▶ _GOAL OF THE EXERCISE_
Your output should be exactly the lines from the one containing "X0000110681421200906261310" through the final line of the records, both included, with every picture left out.

▶ _RECORD SET_
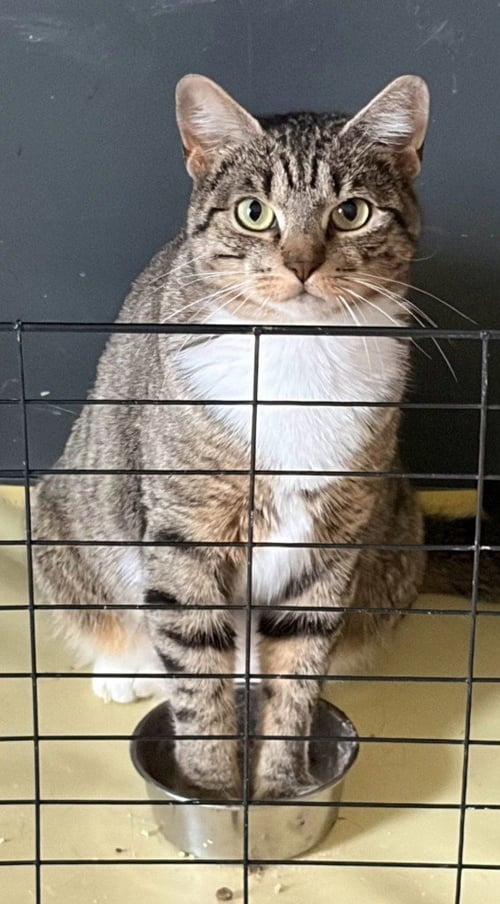 GLADYS - Domestic Short Hair available for adoption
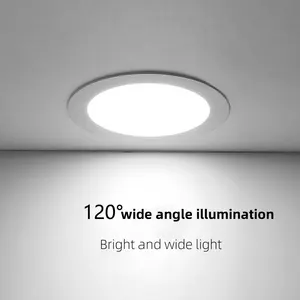 LED Panel Light 3 Color Temperature Switchable 24W Ultra-thin Ceiling Spotlight Bathroom Wall Stair Pendent Oyste Lights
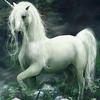 Sandy Forsythe - @sandy.forsythe - TikTok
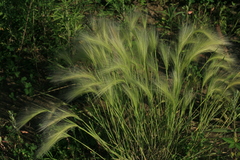 Hordeum jubatum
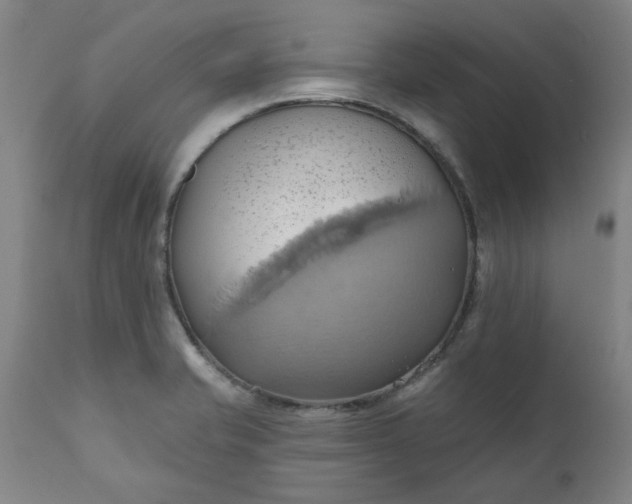 X0000110681421200906261310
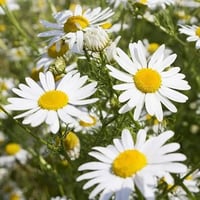 بذور زهور البابونج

▶ _WRITTEN RESPONSE_
 X0000110681421200906261310
 بذور زهور البابونج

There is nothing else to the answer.